Don’t Fumble Those Chicken Wings: Marinate Safely for the Big Game
Everyone wants their chicken wings to make an impression. Don’t let food safety missteps fumble your Super Bowl party.
To make chicken wings tasty, folks often rely on a marinade—a savory sauce that soaks poultry to enrich its flavor or to tenderize it. Marinating also prevents chicken from drying out during roasting, grilling, frying or baking. Here are some cooking and marinating tips to keep your wings safe:
- Washing chicken can spread bacteria. Instead wipe your poultry with paper towels and throw used paper towels in the trash to prevent cross contamination. If you wash your chicken, fully clean and sanitize surfaces that raw poultry may have touched.
- Wash hands for 20 seconds before and after handling raw poultry. Clean surfaces and utensils with soap and water before cooking and after contact with raw poultry.
- Use separate cutting boards, plates and utensils to avoid cross-contamination between raw poultry and foods that are ready-to-eat.
- Never marinate raw poultry on a kitchen counter for longer than two hours.
- Cook refrigerated raw poultry in a marinade within two days.
- Don’t use marinade that was used on raw poultry as a sauce unless it is boiled first to destroy bacteria.

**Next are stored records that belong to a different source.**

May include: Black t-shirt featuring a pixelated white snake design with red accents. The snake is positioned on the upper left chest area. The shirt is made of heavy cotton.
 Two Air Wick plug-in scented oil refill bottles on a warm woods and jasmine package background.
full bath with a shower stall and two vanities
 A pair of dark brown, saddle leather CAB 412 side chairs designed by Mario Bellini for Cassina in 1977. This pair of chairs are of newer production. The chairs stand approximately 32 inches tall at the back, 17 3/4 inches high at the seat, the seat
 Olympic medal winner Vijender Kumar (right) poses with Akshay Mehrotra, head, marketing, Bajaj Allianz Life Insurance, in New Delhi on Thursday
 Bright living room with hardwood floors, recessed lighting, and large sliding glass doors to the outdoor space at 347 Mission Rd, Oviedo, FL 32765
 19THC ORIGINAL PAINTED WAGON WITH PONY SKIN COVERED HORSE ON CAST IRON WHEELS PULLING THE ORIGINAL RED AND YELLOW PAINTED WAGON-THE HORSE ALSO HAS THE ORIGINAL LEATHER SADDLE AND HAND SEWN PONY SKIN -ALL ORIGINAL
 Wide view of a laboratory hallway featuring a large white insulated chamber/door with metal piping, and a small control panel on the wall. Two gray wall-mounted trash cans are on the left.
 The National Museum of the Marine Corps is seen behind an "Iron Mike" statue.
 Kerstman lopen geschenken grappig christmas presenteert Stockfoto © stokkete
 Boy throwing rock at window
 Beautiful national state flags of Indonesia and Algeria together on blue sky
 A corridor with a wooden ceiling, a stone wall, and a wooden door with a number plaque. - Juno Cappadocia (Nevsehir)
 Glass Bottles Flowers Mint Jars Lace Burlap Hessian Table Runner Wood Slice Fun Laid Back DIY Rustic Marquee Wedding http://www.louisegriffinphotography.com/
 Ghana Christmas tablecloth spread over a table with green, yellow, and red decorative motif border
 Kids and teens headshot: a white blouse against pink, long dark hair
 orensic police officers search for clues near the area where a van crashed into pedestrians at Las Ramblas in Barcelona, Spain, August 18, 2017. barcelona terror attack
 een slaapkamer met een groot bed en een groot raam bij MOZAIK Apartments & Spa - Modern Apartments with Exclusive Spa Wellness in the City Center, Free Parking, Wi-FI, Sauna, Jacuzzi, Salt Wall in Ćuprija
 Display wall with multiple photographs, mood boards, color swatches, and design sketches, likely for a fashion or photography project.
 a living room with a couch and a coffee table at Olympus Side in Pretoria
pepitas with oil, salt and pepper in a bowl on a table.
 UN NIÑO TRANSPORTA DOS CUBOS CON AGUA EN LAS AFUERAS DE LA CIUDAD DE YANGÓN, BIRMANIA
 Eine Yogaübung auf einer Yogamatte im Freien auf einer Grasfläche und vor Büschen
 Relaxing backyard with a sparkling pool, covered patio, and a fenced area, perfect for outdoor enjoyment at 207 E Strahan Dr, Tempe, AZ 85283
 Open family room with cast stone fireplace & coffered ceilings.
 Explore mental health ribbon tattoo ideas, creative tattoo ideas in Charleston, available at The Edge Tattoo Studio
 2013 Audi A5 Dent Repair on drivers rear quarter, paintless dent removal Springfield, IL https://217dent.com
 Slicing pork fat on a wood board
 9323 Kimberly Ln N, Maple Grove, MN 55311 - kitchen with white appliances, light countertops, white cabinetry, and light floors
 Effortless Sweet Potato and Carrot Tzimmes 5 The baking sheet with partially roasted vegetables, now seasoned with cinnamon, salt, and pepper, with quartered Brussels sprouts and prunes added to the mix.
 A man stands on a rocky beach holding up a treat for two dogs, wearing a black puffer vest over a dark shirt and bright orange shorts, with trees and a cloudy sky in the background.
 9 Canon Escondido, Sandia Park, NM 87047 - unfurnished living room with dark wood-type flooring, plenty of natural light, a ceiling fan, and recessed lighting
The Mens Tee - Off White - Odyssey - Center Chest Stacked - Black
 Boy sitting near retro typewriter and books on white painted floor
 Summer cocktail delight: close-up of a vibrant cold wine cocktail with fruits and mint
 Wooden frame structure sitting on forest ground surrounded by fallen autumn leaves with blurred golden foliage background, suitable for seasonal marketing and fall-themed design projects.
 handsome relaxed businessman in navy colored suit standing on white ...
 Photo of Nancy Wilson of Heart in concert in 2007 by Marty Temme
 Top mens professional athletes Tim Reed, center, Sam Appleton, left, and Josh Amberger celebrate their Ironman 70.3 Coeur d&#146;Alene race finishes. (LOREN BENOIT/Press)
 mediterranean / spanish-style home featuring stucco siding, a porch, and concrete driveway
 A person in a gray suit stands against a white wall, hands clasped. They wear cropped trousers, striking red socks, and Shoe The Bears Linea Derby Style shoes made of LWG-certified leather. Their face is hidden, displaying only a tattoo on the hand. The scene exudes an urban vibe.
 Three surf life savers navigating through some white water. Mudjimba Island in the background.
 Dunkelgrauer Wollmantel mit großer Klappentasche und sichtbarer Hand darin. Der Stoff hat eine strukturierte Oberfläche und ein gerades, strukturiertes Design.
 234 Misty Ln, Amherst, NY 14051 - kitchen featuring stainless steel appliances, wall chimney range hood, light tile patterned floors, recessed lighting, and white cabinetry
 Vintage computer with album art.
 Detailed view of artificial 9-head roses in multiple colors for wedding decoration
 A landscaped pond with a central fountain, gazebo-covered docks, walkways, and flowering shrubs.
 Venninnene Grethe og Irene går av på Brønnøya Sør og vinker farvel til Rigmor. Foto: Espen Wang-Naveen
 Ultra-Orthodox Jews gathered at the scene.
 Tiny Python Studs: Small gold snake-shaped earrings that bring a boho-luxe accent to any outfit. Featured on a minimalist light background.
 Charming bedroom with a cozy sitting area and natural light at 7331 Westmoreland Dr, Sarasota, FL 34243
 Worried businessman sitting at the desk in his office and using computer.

Always reheat marinade safely by bringing it to a rolling boil.
- Cook chicken wings to a safe minimum internal temperature of 165 F. Use a food thermometer on each wing, avoiding the bone. If one wing is under 165 F, continue cooking until they all reach their safe minimum internal temperature.
- Don’t leave cooked chicken wings out for more than two hours at room temperature or keep them hot at 140 F or above by using a preheated oven, warming tray, chafing dish or slow cooker.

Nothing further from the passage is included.